Administrator-driven permission management strictly controls data.
The FP&A team can use variance analysis to create rolling forecasts and compare in- and outputs across various scenarios with powerful charting features.
Whereas Anaplan uses its own language and unique proprietary setup, OnPlan is about leveraging financial professionals’ familiarity with Excel and spreadsheets. This reduces the learning curve and accelerates adoption.
OnPlan has all of the benefits of a consumer app, including speed and ease of use, so that users can enjoy a seamless, reliable experience with a modern and pleasant user interface.
Features include powerful visualization tools, one-click roll-over, and fast, easy collaboration. Teams can export, modify, and manipulate Excel and Google Sheets data.
Vena Solutions can manage annual budgets and conduct monthly, yearly or quarterly forecasts, analyses, and actuals. Business leaders use Vena collaboratively to gain insight into their budgets, while FP&A managers can use the tool for variance analysis or gain a centralized, single view over the financial operations of the business.
Like OnPlan, the tool closely resembles and is integrated with Excel, making it easy to use and simple to adopt. Companies can use Vena to build models and manage their workbooks without worrying about errors creeping in.
On the downside, Vena is difficult to set up and use initially. There aren’t many support resources available for self-education, which means that you will spend a considerable amount of time on the phone with customer support. You may need a consultant to assist you during the implementation phase.
Adaptive Planning is a cloud-based financial planning tool used to model various business functions. The features are very similar to OnPlan, but it’s considerably more expensive. Adaptive Planning resembles an Excel spreadsheet and uses drag-and-drop functionality to edit and change views, making it extremely simple to adopt and use.
Adaptive Planning enables collaboration and real-time updates across the organization. It integrates with multiple popular cloud-based ERP solutions. On the downside, Adaptive Planning is pricier than some comparable solutions (OnPlan is about 15% of its asking price), and implementation is difficult. The user interface isn’t as simple and attractive as Anaplan and OnPlan, and it can feel quite dated for modern users.

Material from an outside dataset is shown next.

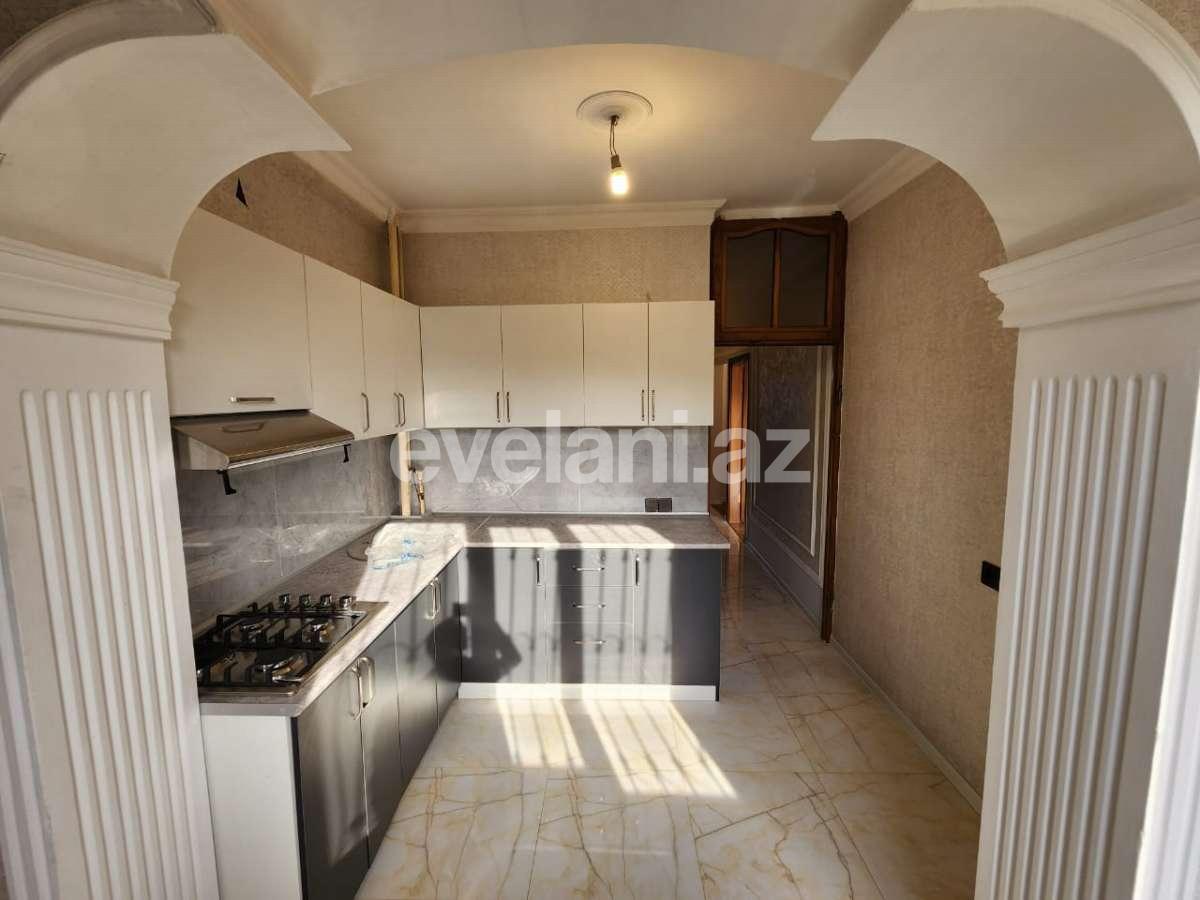 Satılır, köhnə tikili, 5 otaqlı, 104 m², Bakı, Xətai r.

Some users find the learning and initial setup time-consuming and frustrating.
Planful is another strong, cloud-based financial modeling tool suitable for large organizations with more than a thousand employees. The tool provides data that enables business-wide agile planning and decision-making.
Planful is similar to Anaplan, but users have reported performance issues when using larger datasets. Data integration and setup can take several months to perfect. It’s considerably cheaper than the likes of Vena Software, but it’s not as user-friendly as OnPlan, with fewer automation options.
Anaplan is an innovative and powerful tool that many enterprises will find very useful. However, it’s not the most user-friendly or intuitive modeling tool. The complexity of the solution and the cost and resource requirements placed to make it a less feasible option for small and medium businesses.
If you can invest the time and resources required into Anaplan, it’s a valuable tool that can genuinely transform financial modeling within your enterprise. If you operate an SMB or are looking for a straightforward financial modeling tool aimed specifically at FP&A managers, consider the alternatives instead.